As heat waves engulf most of the country this week, many professionals are dealing with a very serious problem: the sweat-soaked dress shirt, often the result of a too hot commute to work each morning.

A group of MIT graduates and students are hoping to make this problem a thing of the past. The Ministry of Supply, a Boston-based company formed at the Institute in 2010, has created a dress shirt which utilizes NASA-grade technology that adjusts to your body temperature.

From Forbes:

"The shirt takes the phase-change materials used in NASA space suits to craft a dress shirt that adapts to its wearer. If it is warm out, the shirt pulls heat from your body to cool you down, removing sweat and odor as it does so. When the office air conditioning starts to chill, the shirt releases the energy it stored to warm its wearer back up, all the while remaining wrinkle free."

The Ministry of Supply is comprised of Kevin Rustagi '11, Gihan Amarasiriwardena '11, and MBA candidates Kit Hickey and Aman Advani. The group began selling limited-supply shirts last year. Their first dress shirt, dubbed the Agent, sold out last fall.

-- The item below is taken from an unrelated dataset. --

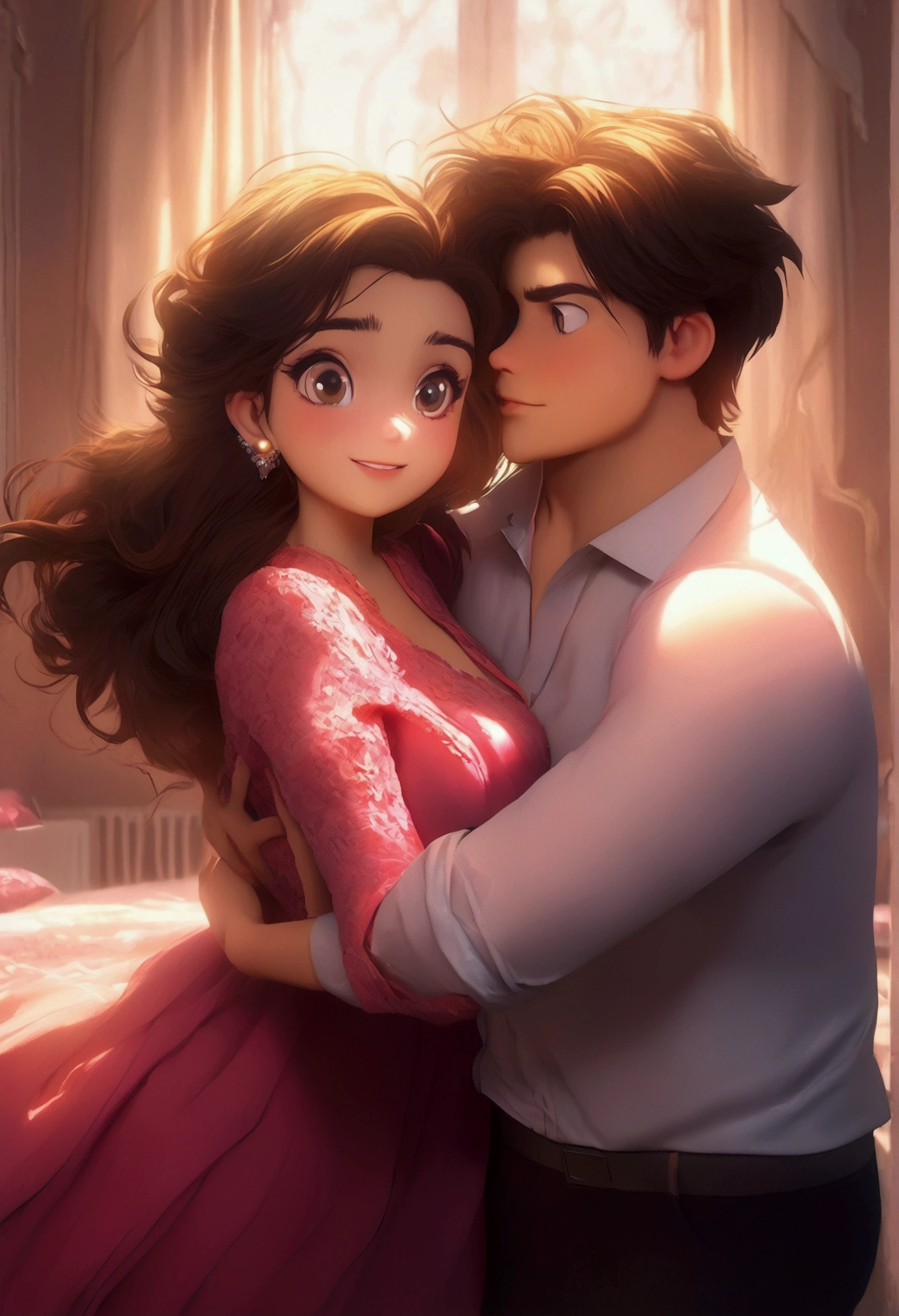 (extremely detailed CG unity 8k wallpaper),(masterpiece), (best quality), (ultra-detailed), (best illustration),(best shadow), bedroom background, standing, ,BREAK, TMP, Big Juicy Titties Bounce While Hot Brunette Gets Fucked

To generate funding for their newest shirt, The Apollo, the team launched a Kickstarter campaign on June 8, with the initial goal of raising $30,000 dollars in about a month. Within the first week, they reached their goal. As of July 6, with five days remaining in the campaign, more than 1,600 backers have donated more than $233,000.

The shirts will be American-made (Los Angeles and New York) and retail for around $130 per shirt. The team recently added a showroom at 105 South St. in Boston, where they are requesting feedback for their current line of projects.

Comments

BG

Wed, 07/03/2013 2:17pm

What I really want to know is the thermal coefficient of the shirt and reflective heat index. I'm assuming the black shirt has higher radiation coefficient than the white ones but I'm still unsure of how much the difference is. More importantly; I will like to understand the Linear Costing Coefficient (LCC) if this shirt is priced linearly to performance of baseline comparison or does it have an exponential costing model and if it does, whats the value of the exponent.

Emil Friedman

Thu, 07/19/2012 5:36pm

How stain resistant is it? At $130/shirt I would be afraid to wear it while drinking tea behind the wheel or at my desk.

mkt

Sat, 07/07/2012 4:26pm

And how much energy can it store ...how much latent heat does the fabric have?

Judith Ronat

Fri, 07/06/2012 7:54pm

How much does this shirt weigh? And how much space does it take when packed?